Abstract

Manual regulatory compliance checking of construction projects is usually timeconsuming and error-prone. There have been efforts both in academia and industry to automate this process. However, none of them achieved full automation. Specifically, the extraction of rules from regulatory text (e.g. building code) and its representation in a computer-processable format is still conducted manually or semi-automatically. Natural language processing (NLP) aims at enabling computers to process natural language text in a human-like manner. It provides basic concepts and methods for text processing and analysis, such as part of speech (POS) tagging, tokenization, sentence splitting, named entity recognition, and semantic role labeling, etc. This paper is intended to explore the effectiveness of utilizing syntactic (i.e. grammatical) and semantic (i.e. meaning descriptive) features of the text (using NLP tools and techniques) to automatically extract regulatory information from building codes.
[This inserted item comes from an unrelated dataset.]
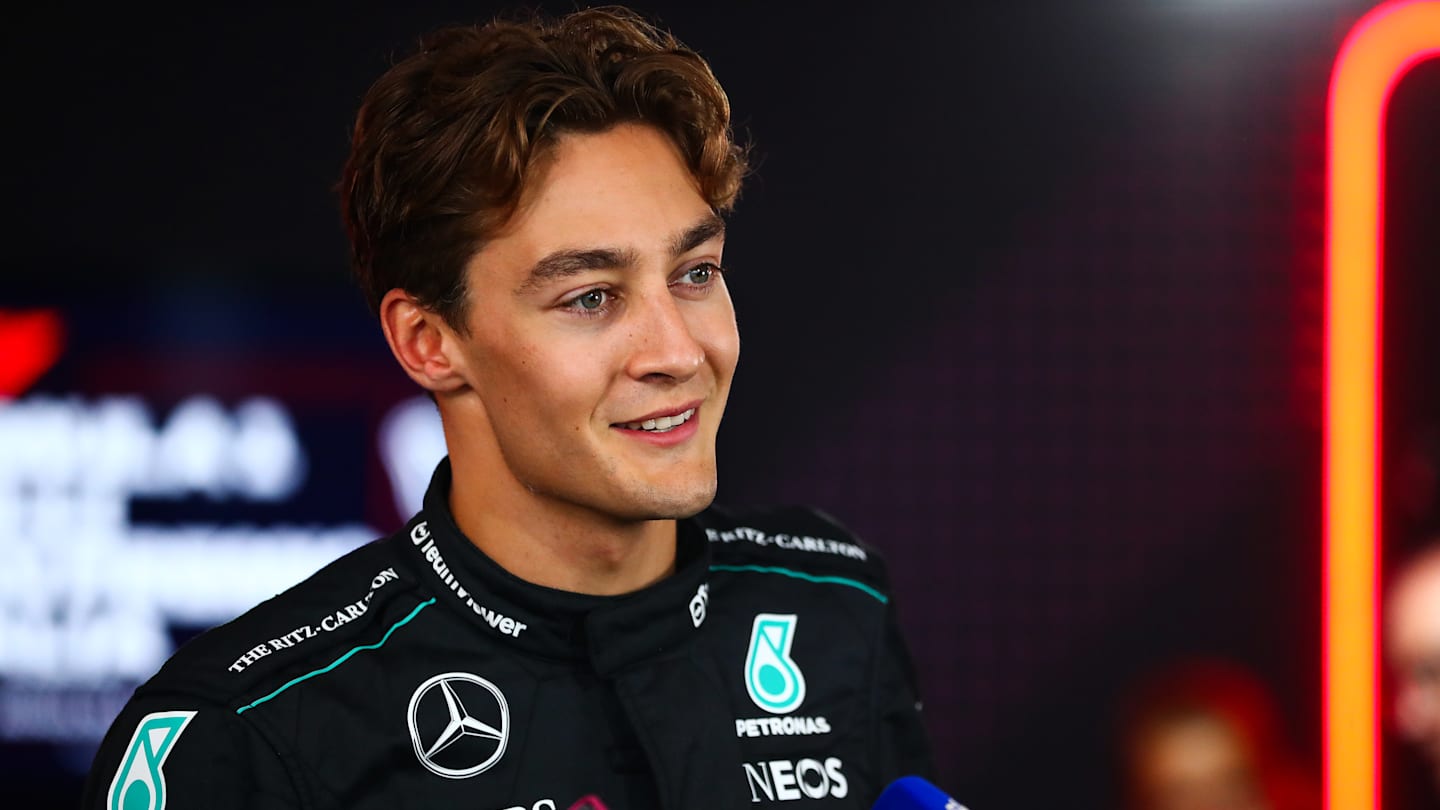 MONZA, ITALY - AUGUST 31: George Russell of Mercedes and Great Britain talks to the press during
An automated information extraction (IE) approach – involving the use of IE rules – is proposed. Chapter 12 of the 2006 International Building Code was used to develop the IE rules, while Chapter 12 of the 2009 International Fire Code was used to test the approach. An overall F-measure of 0.94 shows the potential of the proposed approach. Based on the experimental results and their analysis, we conclude the paper by pinpointing possible ways for improving the proposed approach.